Les neurosciences sont intéressantes dans la mesure où elles permettent de comprendre les mécanismes sous-jacents au niveau neuronal de ce que nous observons à d’autres échelles (le phénomène de l’inhibition est un bon exemple de cela). Mais ce sont ces autres échelles macroscopiques qui sont en rapport direct avec les processus d’apprentissage et d’enseignement. Les neurosciences peuvent apporter une contribution à l’éducation, mais seront incapables de la refonder. En ce sens, le terme « neuroéducation » est un pléonasme, car pour tout apprentissage humain les neurones sont évidemment impliqués.

La mode des neurosciences est une arme à double tranchant, ça rend les choses plus convaincantes, au moins en apparence, mais ça peut revenir comme un boomerang.

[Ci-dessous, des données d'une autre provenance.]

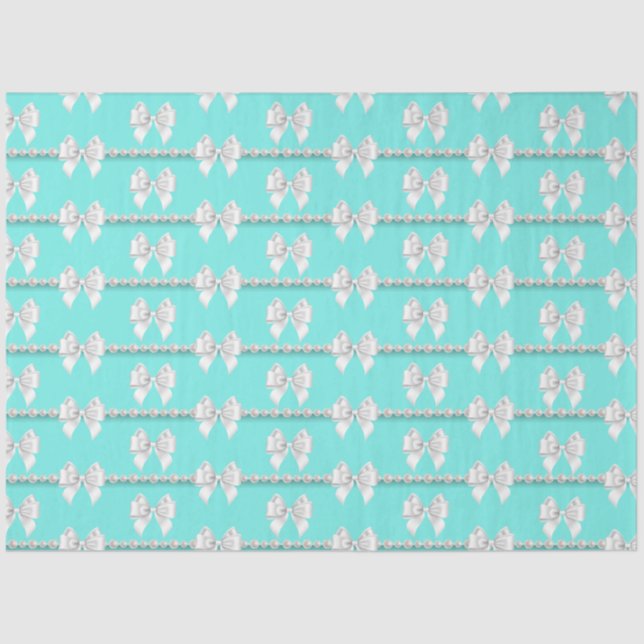 Papel De Seda Tema Formal Pérolas Tiffany Glam Azul Água (Frente )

Certains enseignants sont enthousiastes, d’autres développent un scepticisme qui peut mener à un rejet du discours de la psychologie et à travers ça de l’éducation fondée sur les preuves.



Mis à jour le 12/06/2022



Bibliographie


Franck Ramus, Les neurosciences peuvent-elles éclairer l’éducation ? Conférence à l’École normale supérieure — PSL, 16 mars 2018, https://youtu.be/2j11lMgvXR4

Jeffrey S. Bowers, The practical and principled problems with educational neuroscience, Psychological Review, Vol 123 (5), Oct 2016, 600–612

Anadón, Marta. “Les Repères sociaux et épistémologiques.” La Recherche en Éducation : Étapes et Approches. 4e Édition revue et Mise à Jour, edited by Thierry Karsenti and Lorraine Savoie-Zajc, Presses de l’Université de Montréal, 2018, pp. 17–50. JSTOR, www.jstor.org/stable/j.ctv69sv3w.4.

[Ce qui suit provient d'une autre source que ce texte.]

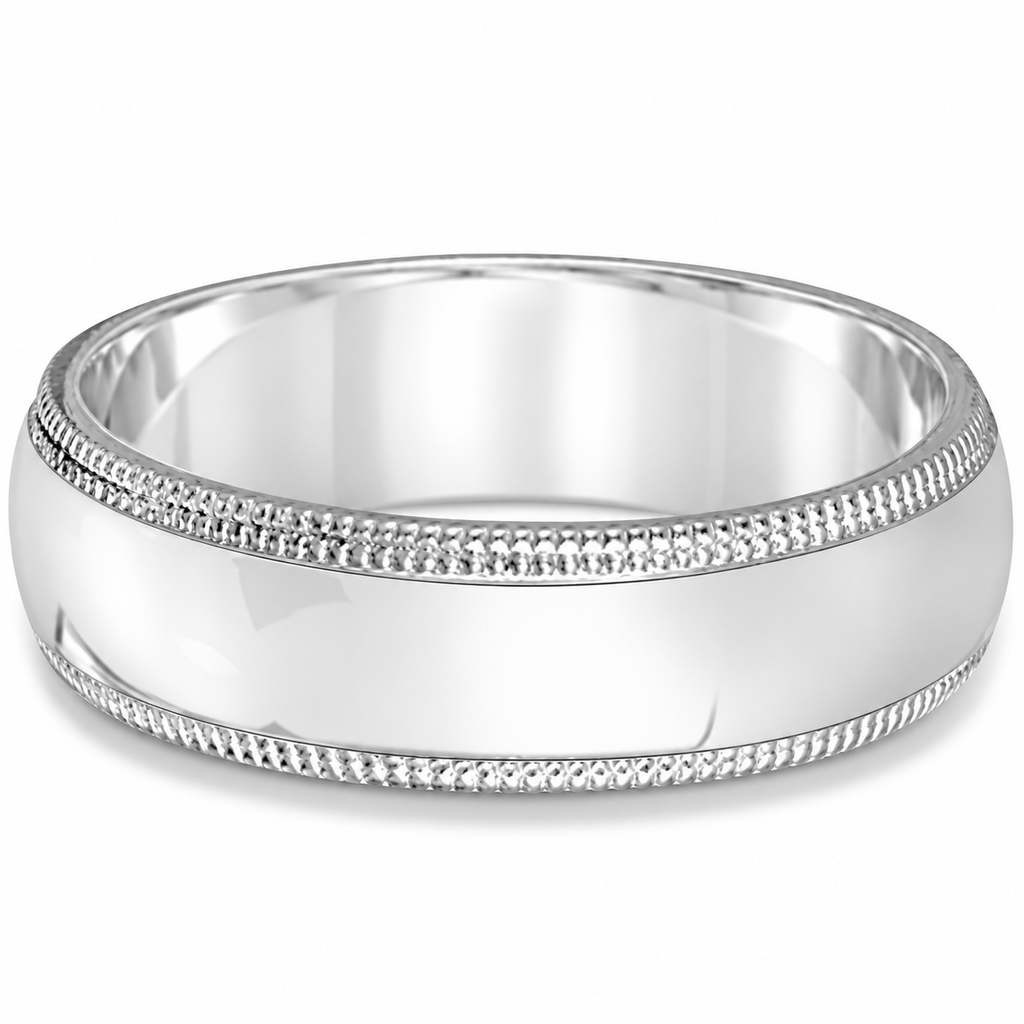 6 mm men's dome comfort-fit milgrain wedding band in 950 platinum, front view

Franck Ramus, Qu’est-ce que la recherche scientifique peut apporter aux enseignants ? 12 février 2019, Mons, https://youtu.be/FPFwqQ6CfUU

Daniel Andler, Les inquiétudes concernant l’entrée des sciences cognitives à l’école sont injustifiées » 2018, https://www.lemonde.fr/idees/article/2018/03/25/daniel-andler-les-inquietudes-concernant-l-entree-des-sciences-cognitives-a-l-ecole-sont-injustifiees_5276133_3232.html

Deans for Impact (2020) Learning by Scientific Design. Austin, TX: Deans for Impact.